Unlike many cops who ended up with SAPS by default, a career as a cop had been Colonel Ngoepe’s dream since he was a teenager.

“I remember, in most incidences where there were school activities including dramas, I was always chosen to act as a police officer. Now that thing also added on my intention to be a police officer, that’s where I am now.”

As provincial spokesperson, Colonel Ngoepe is one of four section heads reporting to Brigadier Motlafela Mojapelo, who is the Head of Communication, Marketing and Corporate Services for the SAPS in Limpopo.

It’s been a long journey for the career police officer, who hails from Taueatswala village in Steiloop, Waterberg district. It is a culmination of a successful police career which started in Bolobedu in 1985, when he joined the SAPS as a fresh recruit from college.

It was not long before the young detective impressed his bosses with his clinical approach and attention to details, which sent many notorious criminals to jail.

Within five years, he had been promoted to the rank of Lieutenant. After a successful 10 year career as a detective, coupled with an impressive track record, Colonel Ngoepe moved to the communications unit of the SAPS, as a communications officer for the Bolobedu police station.

“I started as a communication officer of the station in Bolobedu, and then I moved to Giyani when I was the communication officer for the former Mopani area where I was communicating on behalf of 20 police stations, then from there I moved to Tzaneen where I worked as a cluster officer commanding seven police stations.”

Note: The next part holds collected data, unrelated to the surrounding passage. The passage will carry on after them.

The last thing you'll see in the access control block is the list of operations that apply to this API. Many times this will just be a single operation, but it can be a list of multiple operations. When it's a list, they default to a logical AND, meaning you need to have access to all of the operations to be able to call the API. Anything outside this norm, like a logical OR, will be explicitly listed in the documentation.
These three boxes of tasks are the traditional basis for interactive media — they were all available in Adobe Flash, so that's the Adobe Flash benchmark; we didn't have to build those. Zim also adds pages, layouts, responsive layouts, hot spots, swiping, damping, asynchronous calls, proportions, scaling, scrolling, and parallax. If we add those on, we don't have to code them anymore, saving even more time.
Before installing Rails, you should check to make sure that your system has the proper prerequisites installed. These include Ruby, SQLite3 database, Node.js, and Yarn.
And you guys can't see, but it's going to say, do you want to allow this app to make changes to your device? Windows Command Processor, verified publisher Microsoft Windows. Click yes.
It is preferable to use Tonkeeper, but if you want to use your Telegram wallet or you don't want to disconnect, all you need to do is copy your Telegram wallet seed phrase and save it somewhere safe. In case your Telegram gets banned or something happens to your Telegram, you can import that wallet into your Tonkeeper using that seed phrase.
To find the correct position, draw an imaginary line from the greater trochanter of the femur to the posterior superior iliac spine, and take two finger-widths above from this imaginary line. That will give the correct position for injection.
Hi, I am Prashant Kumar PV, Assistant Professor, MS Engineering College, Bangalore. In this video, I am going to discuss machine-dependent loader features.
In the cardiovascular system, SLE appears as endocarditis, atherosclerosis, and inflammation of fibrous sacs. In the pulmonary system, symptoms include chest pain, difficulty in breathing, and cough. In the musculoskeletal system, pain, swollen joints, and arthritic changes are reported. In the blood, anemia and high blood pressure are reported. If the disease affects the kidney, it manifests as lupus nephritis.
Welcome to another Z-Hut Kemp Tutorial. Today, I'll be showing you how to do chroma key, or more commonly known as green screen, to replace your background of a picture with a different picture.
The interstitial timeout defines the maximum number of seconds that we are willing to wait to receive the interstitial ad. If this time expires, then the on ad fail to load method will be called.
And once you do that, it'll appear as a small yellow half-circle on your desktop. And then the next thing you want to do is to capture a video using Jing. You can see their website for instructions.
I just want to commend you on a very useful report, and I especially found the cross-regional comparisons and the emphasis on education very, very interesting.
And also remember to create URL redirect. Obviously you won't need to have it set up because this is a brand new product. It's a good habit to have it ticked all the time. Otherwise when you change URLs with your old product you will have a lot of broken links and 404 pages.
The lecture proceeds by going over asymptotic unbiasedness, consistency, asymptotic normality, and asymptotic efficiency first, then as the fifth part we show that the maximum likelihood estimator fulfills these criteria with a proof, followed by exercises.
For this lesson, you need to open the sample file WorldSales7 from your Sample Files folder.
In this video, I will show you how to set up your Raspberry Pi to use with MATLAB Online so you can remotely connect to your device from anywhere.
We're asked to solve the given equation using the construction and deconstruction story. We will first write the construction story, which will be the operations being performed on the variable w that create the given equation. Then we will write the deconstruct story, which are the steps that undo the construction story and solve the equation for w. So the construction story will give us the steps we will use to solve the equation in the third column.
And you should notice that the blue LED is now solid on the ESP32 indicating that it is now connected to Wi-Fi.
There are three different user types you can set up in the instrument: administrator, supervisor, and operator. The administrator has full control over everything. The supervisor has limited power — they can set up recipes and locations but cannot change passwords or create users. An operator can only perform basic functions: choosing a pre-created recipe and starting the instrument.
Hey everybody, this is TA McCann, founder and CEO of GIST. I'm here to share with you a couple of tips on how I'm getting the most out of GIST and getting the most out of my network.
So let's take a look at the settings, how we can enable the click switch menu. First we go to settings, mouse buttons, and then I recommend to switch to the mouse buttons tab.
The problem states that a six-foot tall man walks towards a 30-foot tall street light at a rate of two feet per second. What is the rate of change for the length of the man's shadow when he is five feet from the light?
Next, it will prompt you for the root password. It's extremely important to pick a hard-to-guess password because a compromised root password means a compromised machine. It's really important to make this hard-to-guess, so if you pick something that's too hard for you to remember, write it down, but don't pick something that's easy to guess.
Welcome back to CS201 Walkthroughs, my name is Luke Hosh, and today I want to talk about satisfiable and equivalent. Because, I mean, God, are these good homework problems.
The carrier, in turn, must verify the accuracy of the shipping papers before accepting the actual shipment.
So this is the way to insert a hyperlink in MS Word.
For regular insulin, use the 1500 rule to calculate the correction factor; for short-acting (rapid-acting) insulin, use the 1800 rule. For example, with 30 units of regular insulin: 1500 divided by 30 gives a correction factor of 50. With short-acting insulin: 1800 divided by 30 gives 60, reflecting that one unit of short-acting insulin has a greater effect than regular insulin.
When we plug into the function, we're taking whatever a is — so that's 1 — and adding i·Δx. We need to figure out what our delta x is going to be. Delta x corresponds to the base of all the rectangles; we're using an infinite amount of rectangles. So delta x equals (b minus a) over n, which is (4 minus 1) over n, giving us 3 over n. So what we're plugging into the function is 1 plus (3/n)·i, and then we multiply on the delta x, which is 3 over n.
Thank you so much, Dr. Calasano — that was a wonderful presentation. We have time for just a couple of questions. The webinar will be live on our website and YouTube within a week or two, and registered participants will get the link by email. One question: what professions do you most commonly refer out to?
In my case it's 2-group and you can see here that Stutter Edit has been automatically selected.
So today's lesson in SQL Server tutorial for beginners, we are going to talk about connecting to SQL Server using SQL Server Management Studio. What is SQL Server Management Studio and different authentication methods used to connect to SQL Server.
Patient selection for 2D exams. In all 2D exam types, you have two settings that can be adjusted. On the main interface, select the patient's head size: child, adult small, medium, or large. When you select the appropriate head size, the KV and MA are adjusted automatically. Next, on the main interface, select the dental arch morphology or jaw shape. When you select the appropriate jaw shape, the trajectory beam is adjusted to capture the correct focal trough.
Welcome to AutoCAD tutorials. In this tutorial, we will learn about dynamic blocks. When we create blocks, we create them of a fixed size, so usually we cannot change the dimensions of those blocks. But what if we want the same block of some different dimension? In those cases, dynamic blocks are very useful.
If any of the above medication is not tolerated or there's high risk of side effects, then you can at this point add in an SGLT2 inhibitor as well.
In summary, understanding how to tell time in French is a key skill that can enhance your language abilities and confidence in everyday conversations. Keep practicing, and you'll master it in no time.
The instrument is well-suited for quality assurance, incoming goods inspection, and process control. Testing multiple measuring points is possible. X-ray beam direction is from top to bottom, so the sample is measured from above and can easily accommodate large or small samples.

Even in his new role as the mouth piece of the SAPS in the area, he still excelled. He has been a SAPS communication officer for the past 23 years excluding the 10 years under his belt as a top detective. But what has made him to be as successful a police media officer as he was a detective.

“I always make sure I am available for the journalists, because my understanding is that the journalists are the ears and mouths of our communities. And I am here to serve our communities, and if I am not available to the journalists it’s equal to being at a wrong place,” says Colonel Ngoepe.

As for the aspirant communicators, Colonel Ngoepe’s message is simple.

“To become a good communication officer you must be passionate. You must be available 24/7. Whatever journalists want you must be there, so that at the end of the day, they do not write unconfirmed incidents. Some of them you find that tomorrow they are having serious complications. So you will be a useless person.”

Despite his accolades, Colonel Ngoepe says his 33-year uninterrupted service in the SAPS is not about to end.

If anything, he says he is determined to make sure his future in the police service looks exactly like his past: one of hard work, passion and dedication.